USATSI_9303562_168382903_lowres

Series Preview: Cubs at Cardinals, May 23-25

This is a moment, an opportunity for the Cubs to both create a little more breathing room between themselves and their most formidable divisional rival, and to get themselves out of the funk they’ve been in for almost a fortnight. If they miss that opportunity, it’d hardly be calamitous. The Cardinals can’t catch the Cubs this week, and neither can the Pirates. For a team that continues to expect big things, though, the Cubs have played small lately. Their depth has been tested, and while the fill-ins upon whom the team didn’t expect to rely at all have done good work, the guys who always figured to be regulars (but are now being asked to shoulder a little more weight) are scuffling.

The roster has finally normalized somewhat, though the club’s bizarre attachment to Tim Federowicz continues to make them weaker than they need to be from a position-player perspective. The bullpen is down to seven men, but it could bounce right back up to eight whenever Federowicz does get cut loose, especially since the relief corps has been asked to work a bit harder than usual over the last week.

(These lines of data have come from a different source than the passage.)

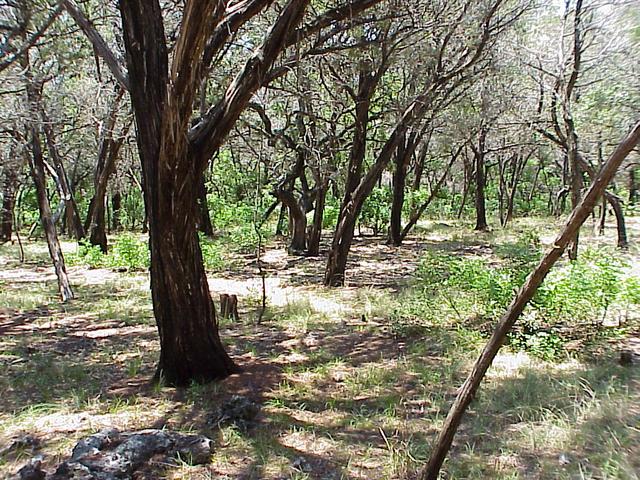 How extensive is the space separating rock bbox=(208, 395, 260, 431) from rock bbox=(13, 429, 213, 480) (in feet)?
1.17

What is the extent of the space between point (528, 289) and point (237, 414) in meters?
2.35

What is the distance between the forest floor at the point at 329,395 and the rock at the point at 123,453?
0.45ft

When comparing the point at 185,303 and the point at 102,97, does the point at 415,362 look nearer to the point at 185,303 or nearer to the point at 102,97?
the point at 185,303

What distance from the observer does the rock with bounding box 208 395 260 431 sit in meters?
3.74

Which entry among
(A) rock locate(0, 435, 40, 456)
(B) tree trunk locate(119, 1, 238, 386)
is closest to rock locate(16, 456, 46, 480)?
(A) rock locate(0, 435, 40, 456)

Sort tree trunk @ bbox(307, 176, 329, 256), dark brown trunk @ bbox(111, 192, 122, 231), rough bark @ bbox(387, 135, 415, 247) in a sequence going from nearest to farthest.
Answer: tree trunk @ bbox(307, 176, 329, 256) → rough bark @ bbox(387, 135, 415, 247) → dark brown trunk @ bbox(111, 192, 122, 231)

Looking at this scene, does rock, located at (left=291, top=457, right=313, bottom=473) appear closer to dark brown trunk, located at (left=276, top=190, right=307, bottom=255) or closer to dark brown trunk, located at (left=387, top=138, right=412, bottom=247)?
dark brown trunk, located at (left=276, top=190, right=307, bottom=255)

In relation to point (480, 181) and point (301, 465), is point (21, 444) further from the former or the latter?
point (480, 181)

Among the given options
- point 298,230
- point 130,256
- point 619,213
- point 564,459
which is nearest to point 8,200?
point 130,256

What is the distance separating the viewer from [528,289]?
2.35 meters

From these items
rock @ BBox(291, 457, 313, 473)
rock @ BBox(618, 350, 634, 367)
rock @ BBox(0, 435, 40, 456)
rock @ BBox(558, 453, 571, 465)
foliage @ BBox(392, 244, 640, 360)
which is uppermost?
foliage @ BBox(392, 244, 640, 360)

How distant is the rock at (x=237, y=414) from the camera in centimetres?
374

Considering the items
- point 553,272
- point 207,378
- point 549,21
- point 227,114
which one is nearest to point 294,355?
point 207,378

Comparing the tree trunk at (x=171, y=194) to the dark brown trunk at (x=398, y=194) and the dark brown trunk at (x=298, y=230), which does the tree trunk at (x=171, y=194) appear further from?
the dark brown trunk at (x=398, y=194) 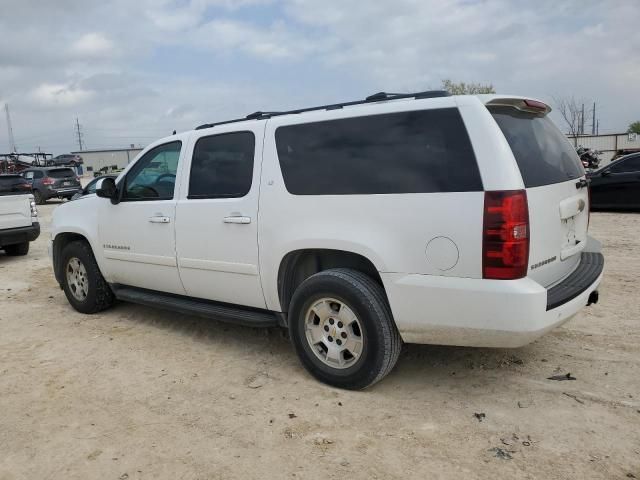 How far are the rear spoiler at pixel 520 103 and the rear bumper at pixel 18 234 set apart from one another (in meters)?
9.19

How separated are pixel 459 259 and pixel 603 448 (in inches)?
49.4

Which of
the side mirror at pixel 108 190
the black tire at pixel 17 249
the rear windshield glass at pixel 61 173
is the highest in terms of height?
the rear windshield glass at pixel 61 173

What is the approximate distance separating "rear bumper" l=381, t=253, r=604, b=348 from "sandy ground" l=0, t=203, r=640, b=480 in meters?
0.52

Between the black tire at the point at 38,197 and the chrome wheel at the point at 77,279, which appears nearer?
the chrome wheel at the point at 77,279

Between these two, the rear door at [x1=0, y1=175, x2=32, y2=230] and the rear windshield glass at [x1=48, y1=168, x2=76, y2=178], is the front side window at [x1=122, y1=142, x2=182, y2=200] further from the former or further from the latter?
the rear windshield glass at [x1=48, y1=168, x2=76, y2=178]

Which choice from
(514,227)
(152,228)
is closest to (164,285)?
(152,228)

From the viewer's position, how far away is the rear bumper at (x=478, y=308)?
9.96 feet

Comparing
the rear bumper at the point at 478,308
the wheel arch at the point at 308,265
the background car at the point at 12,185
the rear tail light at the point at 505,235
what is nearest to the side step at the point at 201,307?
the wheel arch at the point at 308,265

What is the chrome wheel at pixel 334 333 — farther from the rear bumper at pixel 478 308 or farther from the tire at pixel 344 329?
the rear bumper at pixel 478 308

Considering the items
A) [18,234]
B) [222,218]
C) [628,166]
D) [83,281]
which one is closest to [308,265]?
[222,218]

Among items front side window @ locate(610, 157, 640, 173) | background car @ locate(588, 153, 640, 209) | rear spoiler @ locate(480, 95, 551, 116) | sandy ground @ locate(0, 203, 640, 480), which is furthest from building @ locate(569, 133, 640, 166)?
sandy ground @ locate(0, 203, 640, 480)

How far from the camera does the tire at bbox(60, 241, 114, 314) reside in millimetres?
5758

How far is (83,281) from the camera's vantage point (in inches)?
235

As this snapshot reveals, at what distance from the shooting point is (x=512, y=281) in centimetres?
303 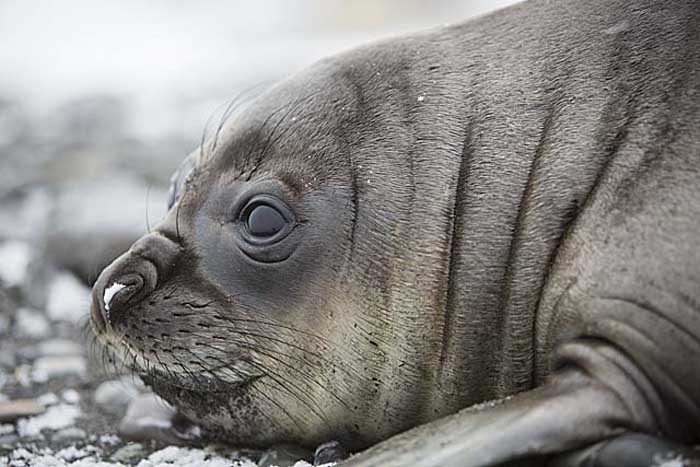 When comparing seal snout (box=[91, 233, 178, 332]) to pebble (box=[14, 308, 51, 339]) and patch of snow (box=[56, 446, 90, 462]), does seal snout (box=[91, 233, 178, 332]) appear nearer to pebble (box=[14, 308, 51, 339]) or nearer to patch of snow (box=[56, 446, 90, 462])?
patch of snow (box=[56, 446, 90, 462])

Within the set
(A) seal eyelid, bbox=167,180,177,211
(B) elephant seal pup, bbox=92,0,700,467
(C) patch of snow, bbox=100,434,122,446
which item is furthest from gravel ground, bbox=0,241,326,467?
(A) seal eyelid, bbox=167,180,177,211

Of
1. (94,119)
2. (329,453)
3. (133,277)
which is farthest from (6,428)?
(94,119)

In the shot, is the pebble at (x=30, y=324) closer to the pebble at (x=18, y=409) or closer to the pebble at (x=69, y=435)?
the pebble at (x=18, y=409)

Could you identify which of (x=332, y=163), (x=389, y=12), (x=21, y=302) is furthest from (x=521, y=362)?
(x=389, y=12)

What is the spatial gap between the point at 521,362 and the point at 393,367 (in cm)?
33

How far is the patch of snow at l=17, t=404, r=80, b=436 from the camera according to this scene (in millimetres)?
3715

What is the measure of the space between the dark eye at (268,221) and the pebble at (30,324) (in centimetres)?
197

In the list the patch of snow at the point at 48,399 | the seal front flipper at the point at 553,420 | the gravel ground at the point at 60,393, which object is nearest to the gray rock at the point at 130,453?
the gravel ground at the point at 60,393

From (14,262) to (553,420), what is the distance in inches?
151

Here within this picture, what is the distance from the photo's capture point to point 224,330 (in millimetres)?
3166

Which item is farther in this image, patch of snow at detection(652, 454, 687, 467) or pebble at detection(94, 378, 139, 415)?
pebble at detection(94, 378, 139, 415)

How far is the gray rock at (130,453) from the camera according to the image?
340cm

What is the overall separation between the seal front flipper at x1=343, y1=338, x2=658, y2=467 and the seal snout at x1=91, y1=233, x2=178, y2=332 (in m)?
0.89

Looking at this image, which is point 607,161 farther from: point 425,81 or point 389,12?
point 389,12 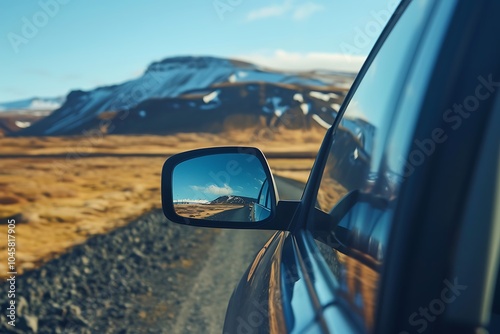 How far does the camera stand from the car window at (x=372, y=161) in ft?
4.03

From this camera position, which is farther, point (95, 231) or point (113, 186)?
point (113, 186)

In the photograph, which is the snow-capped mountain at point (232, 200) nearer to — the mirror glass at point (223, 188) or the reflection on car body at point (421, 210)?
the mirror glass at point (223, 188)

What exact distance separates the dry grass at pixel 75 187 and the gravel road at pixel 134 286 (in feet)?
2.45

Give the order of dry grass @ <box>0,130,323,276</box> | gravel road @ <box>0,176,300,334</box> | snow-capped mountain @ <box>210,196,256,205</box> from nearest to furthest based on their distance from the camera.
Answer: snow-capped mountain @ <box>210,196,256,205</box> → gravel road @ <box>0,176,300,334</box> → dry grass @ <box>0,130,323,276</box>

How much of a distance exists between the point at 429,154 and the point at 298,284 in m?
0.73

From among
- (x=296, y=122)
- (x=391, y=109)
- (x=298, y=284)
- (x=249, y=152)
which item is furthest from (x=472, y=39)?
(x=296, y=122)

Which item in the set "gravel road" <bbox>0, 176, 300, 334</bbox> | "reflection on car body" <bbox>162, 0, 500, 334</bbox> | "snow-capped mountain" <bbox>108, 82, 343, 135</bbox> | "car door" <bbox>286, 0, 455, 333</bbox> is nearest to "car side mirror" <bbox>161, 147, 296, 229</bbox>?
"car door" <bbox>286, 0, 455, 333</bbox>

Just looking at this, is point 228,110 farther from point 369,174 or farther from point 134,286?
point 369,174

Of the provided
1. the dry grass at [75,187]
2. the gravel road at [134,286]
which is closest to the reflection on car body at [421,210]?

For the first six games of this road trip, the Cubs have outscored their opponents (albeit by only a single run). That’s little consolation for a 2-4 team, though, especially now that they face a tough opponent and the danger of coming home 3-6 or even 2-7. Here are the key things to look for.

Probable Pitchers

Monday: John Lackey v. Adam Wainwright

John Lackey has been around forever, but he’s still learning new tricks. This season, it’s an increasingly heady pitch mix. He’s truly using five pitches, not just showing the occasional changeup or curve to make hitters think twice about sitting on his fastball and slider, but making them work as weapons. Opponents are making contact on 73.7 percent of all swings against Lackey this year, by far the lowest rate of his career (though obviously, regression wouldn’t be a surprise). Some 35.4 percent of all Lackey’s batter encounters have begun 0-2, the fourth-highest frequency of those counts in baseball, and again, the best of his career. He trails only Collin McHugh, Max Scherzer, and Bartolo Colon in that regard.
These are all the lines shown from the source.